_Aim of the task_. Using the data below, restate exactly every line from the one with "精致美女穿短裤玩蹦床,接下来一幕,网友:幸亏不是我老婆!" up to and including the one with "Lingettes nettoyantes et". No picture belongs in it.

_Task material_.
────────────────────────────────────────

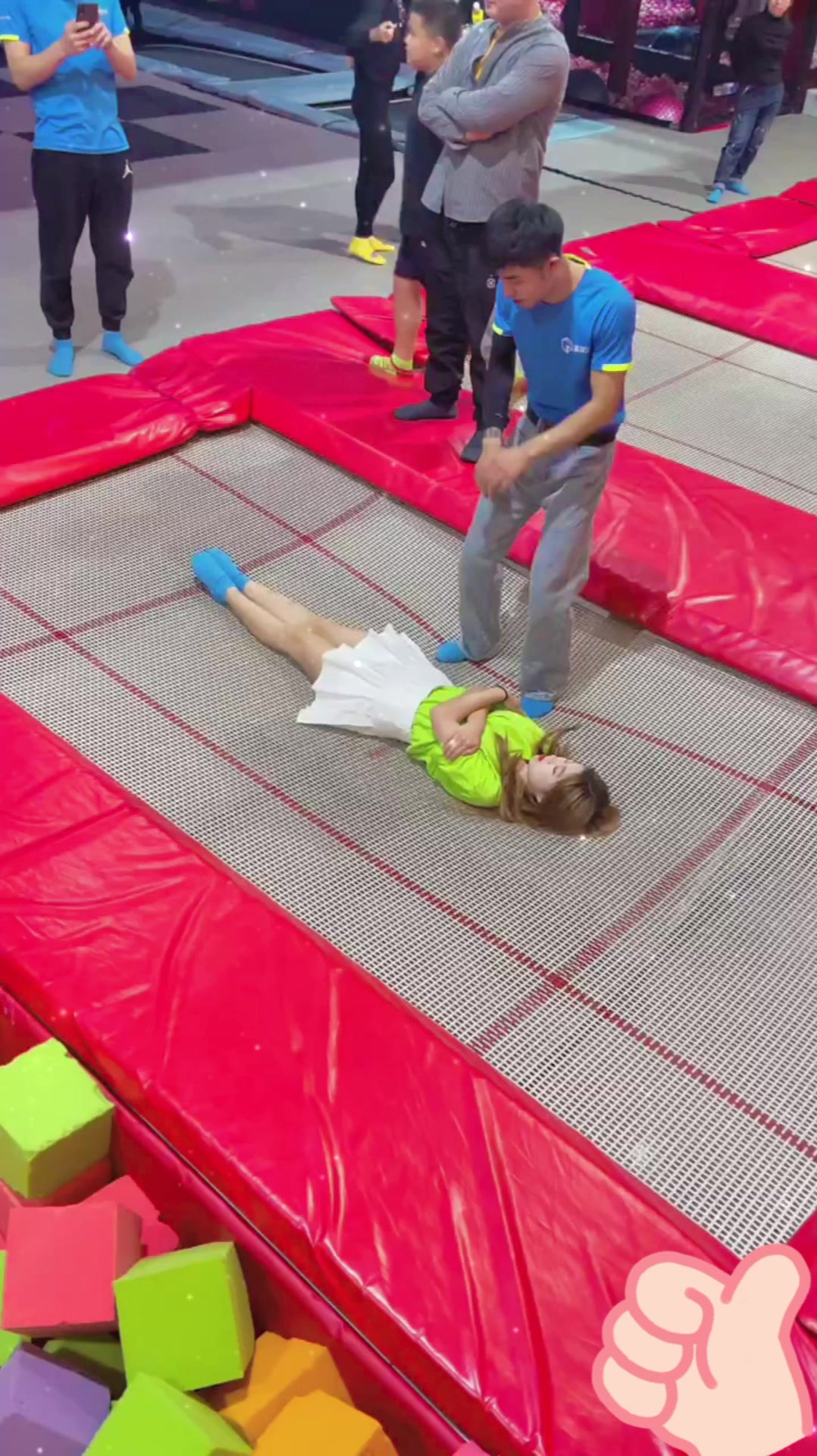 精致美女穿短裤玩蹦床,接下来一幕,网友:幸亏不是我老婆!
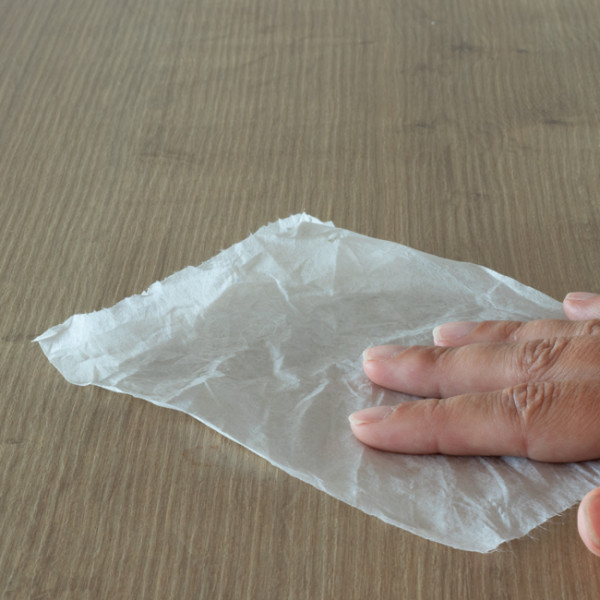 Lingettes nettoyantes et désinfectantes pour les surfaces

────────────────────────────────────────

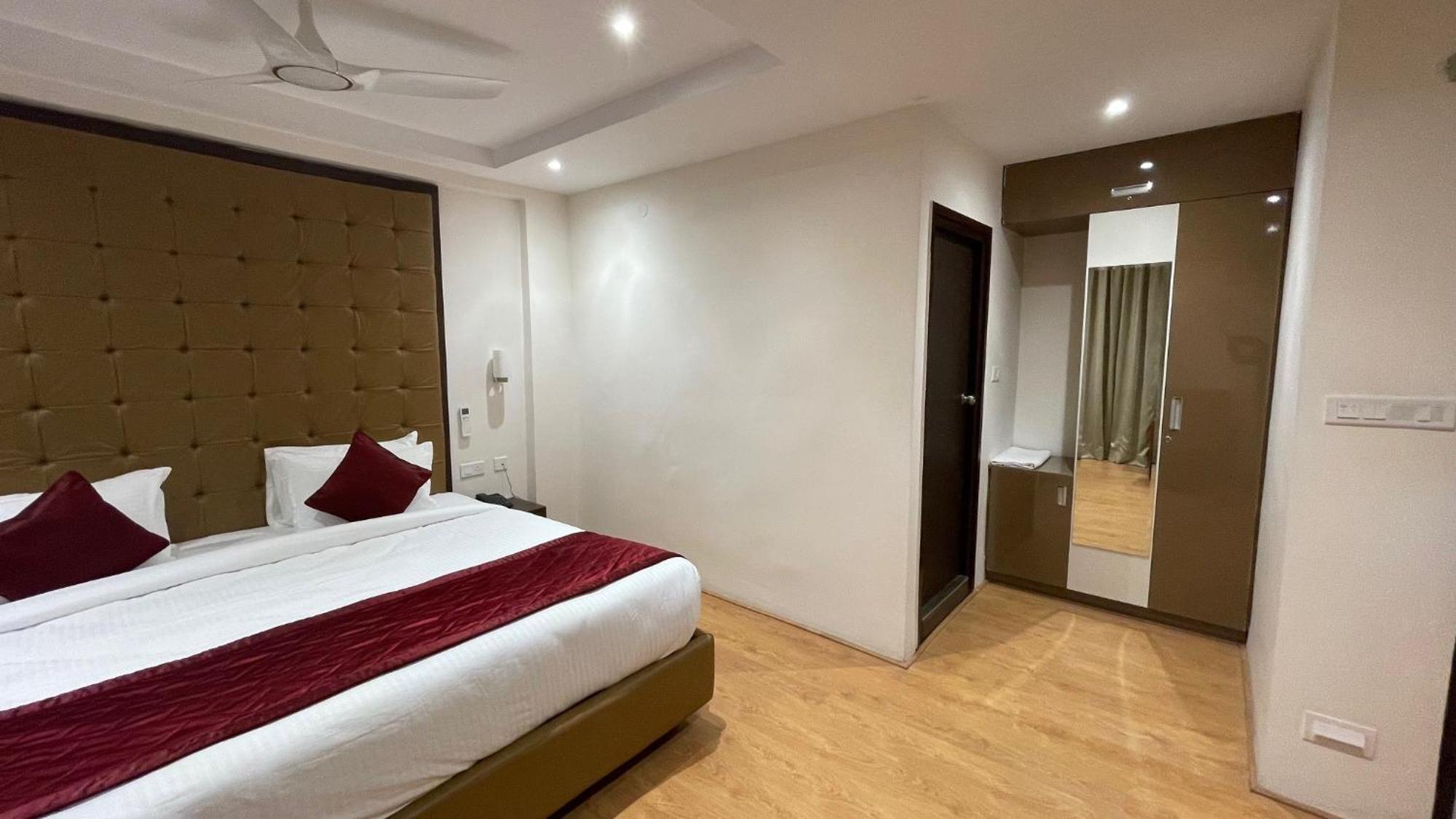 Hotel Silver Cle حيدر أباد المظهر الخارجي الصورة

────────────────────────────────────────

_Completed task_.
 精致美女穿短裤玩蹦床,接下来一幕,网友:幸亏不是我老婆!
 Lingettes nettoyantes et désinfectantes pour les surfaces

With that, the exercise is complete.